Repeat word for word the lines from the one containing "Bicicleta Sforzo Niña" to the end of the material below, and leave all pictures out.
═══
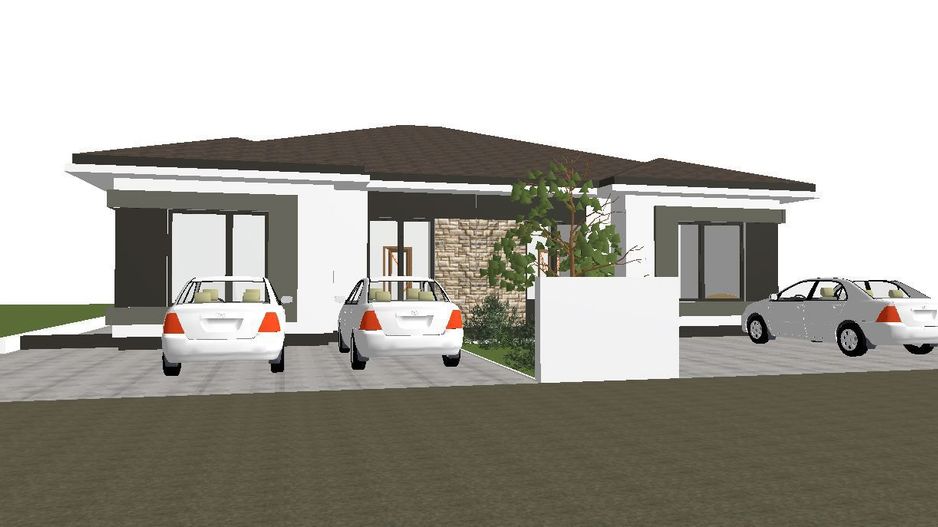 Duplex Parter cu 3 camere - la cheie - Poză 14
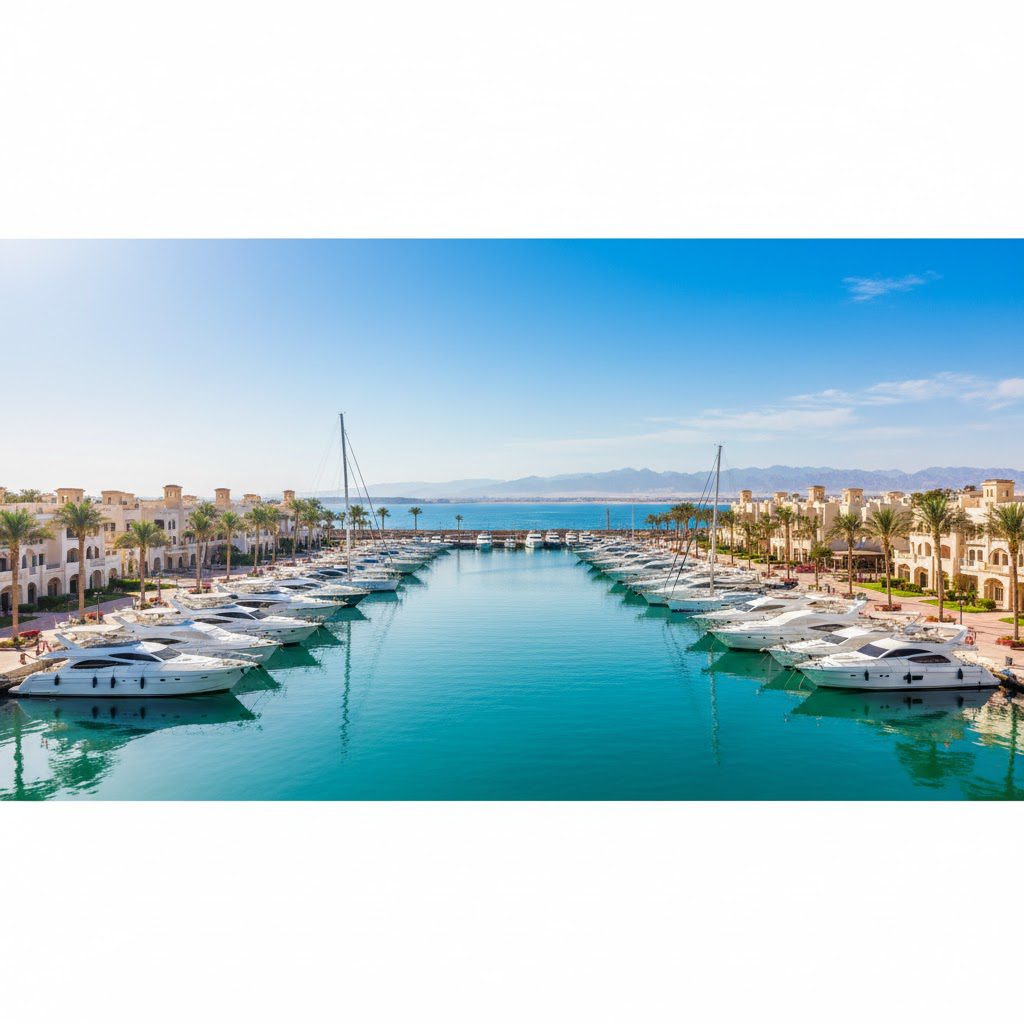 Departure from Hurghada Marina for a private tour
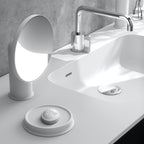 Portasapone da appoggio in acciaio della collezione 'Geyser' by Cosmic - Bianco satinato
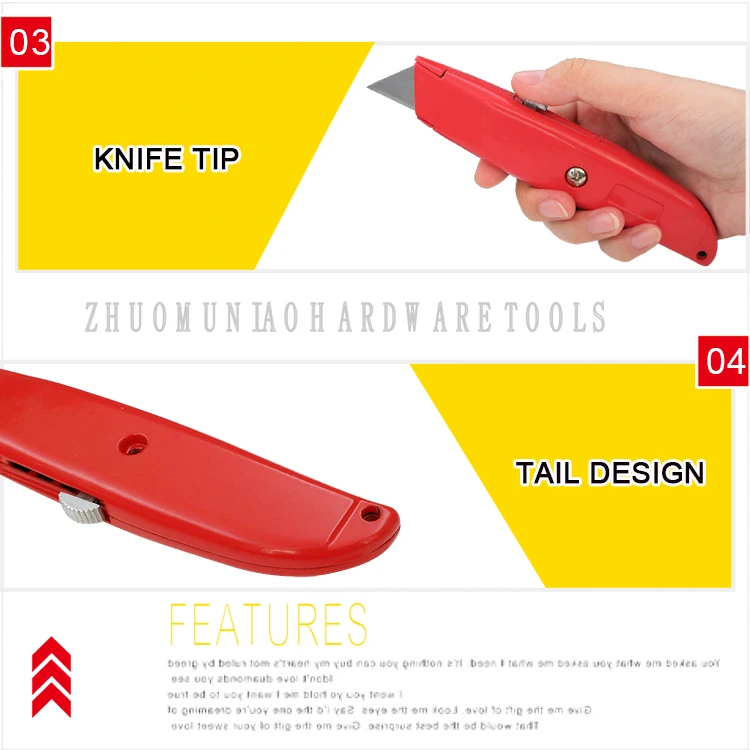 General Purpose Utility Knives Aluminum Sliding Blade Heavy Duty Knife For Cutting Carpet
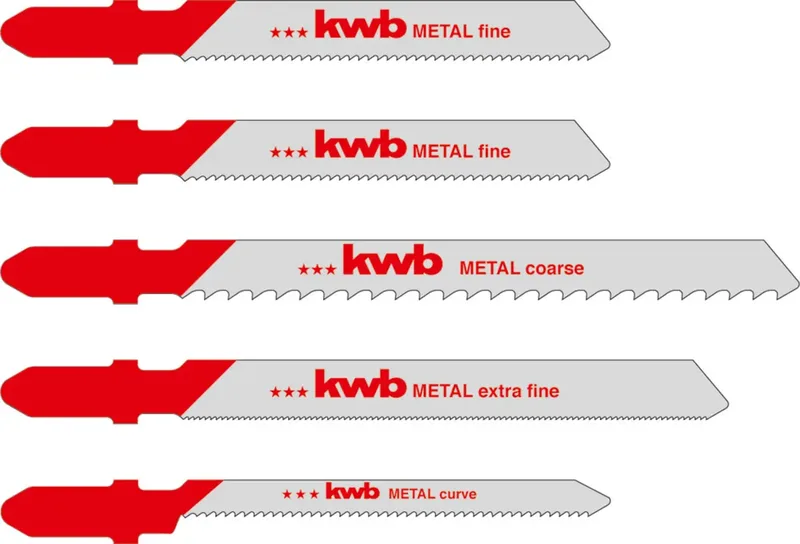 kwb 617290 Decoupeerzaagblad-set voor metaal 5 stuk(s) van KWB – productafbeelding 1 van 3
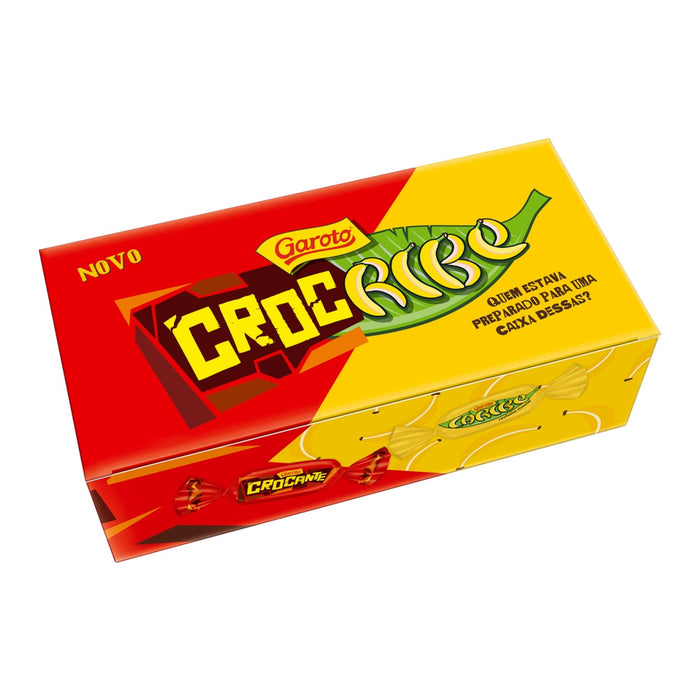 Bombones Rellenos Garoto Crocribe Banana Caja X 215.2G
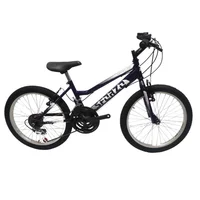 Bicicleta Sforzo Niña Rin 20 Con Cambios Morada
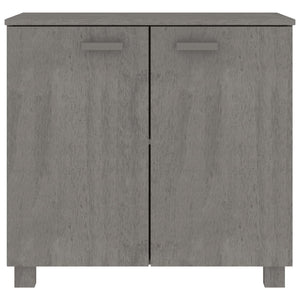 Sideboard HAMAR Hellgrau Kiefer Massivholz 85cm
═══
EXERCISE SOLUTION
 Bicicleta Sforzo Niña Rin 20 Con Cambios Morada
 Sideboard HAMAR Hellgrau Kiefer Massivholz 85cm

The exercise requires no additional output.